Task statement = The expected output is exactly the lines below, starting at the line with "German WH M31 Tropical Camo Gasmask Set" and ending at the line with "Mẹo giảm triệu", both included; no other line belongs in it.

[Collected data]
══════════

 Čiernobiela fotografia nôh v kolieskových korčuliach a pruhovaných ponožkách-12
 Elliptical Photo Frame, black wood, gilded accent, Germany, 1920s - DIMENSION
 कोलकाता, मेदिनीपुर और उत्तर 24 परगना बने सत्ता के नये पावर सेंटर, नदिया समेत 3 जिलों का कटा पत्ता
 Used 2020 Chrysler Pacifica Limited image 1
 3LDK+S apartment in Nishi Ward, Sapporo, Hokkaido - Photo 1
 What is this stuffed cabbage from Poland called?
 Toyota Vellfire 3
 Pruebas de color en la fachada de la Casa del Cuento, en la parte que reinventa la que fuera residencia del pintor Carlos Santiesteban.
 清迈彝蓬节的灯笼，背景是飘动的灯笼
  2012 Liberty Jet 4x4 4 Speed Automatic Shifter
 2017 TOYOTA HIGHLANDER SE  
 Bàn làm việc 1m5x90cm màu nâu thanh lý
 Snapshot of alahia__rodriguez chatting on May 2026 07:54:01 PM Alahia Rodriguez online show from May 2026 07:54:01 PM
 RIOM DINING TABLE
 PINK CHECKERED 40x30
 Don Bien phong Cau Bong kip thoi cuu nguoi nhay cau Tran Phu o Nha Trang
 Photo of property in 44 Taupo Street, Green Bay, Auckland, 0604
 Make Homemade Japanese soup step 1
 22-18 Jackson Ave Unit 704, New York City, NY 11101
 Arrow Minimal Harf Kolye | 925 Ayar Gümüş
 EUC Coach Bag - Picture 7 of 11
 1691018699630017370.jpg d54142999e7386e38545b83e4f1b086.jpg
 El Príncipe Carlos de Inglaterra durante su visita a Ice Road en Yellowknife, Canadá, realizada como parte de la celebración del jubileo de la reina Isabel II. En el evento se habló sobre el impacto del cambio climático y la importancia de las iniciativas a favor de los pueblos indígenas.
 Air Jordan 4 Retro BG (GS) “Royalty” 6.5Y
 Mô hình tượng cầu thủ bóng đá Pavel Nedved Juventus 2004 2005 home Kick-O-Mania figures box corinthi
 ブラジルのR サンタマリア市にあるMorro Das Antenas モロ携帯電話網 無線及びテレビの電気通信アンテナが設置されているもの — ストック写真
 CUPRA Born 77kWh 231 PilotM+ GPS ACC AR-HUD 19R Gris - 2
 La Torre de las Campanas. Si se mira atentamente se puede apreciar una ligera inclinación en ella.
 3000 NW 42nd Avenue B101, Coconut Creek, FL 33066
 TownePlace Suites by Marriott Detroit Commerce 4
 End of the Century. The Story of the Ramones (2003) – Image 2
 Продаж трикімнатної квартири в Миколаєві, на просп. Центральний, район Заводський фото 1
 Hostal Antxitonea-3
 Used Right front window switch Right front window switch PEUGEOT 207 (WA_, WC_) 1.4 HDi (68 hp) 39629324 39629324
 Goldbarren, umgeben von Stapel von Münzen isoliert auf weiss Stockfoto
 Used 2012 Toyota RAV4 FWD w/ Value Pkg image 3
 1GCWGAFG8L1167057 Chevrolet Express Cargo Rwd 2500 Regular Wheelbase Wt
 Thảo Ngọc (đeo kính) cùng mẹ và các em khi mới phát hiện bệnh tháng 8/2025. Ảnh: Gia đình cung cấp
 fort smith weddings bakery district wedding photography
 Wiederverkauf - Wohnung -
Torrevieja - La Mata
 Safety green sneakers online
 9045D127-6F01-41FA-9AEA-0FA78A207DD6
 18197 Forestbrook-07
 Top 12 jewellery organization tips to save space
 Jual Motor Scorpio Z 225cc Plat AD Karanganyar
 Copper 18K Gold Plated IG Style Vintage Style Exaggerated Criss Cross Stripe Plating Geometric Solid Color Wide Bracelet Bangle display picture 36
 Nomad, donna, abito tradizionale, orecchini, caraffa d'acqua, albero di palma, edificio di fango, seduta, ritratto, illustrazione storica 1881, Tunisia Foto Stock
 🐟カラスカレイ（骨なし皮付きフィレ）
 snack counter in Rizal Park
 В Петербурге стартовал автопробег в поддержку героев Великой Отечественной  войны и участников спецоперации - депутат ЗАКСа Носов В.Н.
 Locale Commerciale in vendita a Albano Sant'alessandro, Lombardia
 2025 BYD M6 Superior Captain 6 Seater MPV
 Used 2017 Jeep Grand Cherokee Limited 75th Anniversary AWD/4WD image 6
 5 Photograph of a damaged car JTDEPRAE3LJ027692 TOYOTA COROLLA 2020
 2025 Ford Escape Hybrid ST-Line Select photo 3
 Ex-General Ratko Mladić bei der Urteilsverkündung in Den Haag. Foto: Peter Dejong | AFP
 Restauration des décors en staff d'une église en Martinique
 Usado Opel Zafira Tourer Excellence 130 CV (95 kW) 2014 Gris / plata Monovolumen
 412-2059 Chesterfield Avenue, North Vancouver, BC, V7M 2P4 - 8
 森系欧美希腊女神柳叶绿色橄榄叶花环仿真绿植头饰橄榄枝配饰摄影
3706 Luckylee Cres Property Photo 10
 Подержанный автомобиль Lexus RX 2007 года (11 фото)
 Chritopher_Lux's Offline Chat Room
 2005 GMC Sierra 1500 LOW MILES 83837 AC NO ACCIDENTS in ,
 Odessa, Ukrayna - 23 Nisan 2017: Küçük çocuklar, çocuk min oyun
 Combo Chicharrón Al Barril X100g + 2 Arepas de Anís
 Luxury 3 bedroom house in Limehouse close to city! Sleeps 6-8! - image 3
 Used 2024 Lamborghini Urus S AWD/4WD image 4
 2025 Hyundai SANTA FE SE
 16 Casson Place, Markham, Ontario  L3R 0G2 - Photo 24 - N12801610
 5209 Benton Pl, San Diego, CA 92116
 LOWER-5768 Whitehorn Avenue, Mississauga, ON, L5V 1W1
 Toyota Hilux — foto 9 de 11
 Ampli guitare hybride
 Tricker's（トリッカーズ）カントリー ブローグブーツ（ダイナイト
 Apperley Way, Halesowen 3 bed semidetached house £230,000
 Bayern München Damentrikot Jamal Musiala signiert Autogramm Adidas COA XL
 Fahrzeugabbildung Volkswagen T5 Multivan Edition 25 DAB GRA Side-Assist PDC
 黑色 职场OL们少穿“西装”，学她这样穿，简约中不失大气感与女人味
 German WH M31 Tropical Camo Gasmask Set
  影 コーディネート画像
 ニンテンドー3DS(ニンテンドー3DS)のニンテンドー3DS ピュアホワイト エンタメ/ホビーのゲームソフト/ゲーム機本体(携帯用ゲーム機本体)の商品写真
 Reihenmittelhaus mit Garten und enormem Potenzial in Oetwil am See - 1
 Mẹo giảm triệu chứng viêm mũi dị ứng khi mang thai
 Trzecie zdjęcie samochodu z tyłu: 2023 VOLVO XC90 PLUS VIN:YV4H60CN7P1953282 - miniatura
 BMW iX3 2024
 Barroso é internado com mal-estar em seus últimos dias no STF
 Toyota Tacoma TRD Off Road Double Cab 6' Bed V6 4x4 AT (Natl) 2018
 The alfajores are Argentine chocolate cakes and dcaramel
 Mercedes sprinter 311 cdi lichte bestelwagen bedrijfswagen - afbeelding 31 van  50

══════════

Exercise answer =
 German WH M31 Tropical Camo Gasmask Set
  影 コーディネート画像
 ニンテンドー3DS(ニンテンドー3DS)のニンテンドー3DS ピュアホワイト エンタメ/ホビーのゲームソフト/ゲーム機本体(携帯用ゲーム機本体)の商品写真
 Reihenmittelhaus mit Garten und enormem Potenzial in Oetwil am See - 1
 Mẹo giảm triệu chứng viêm mũi dị ứng khi mang thai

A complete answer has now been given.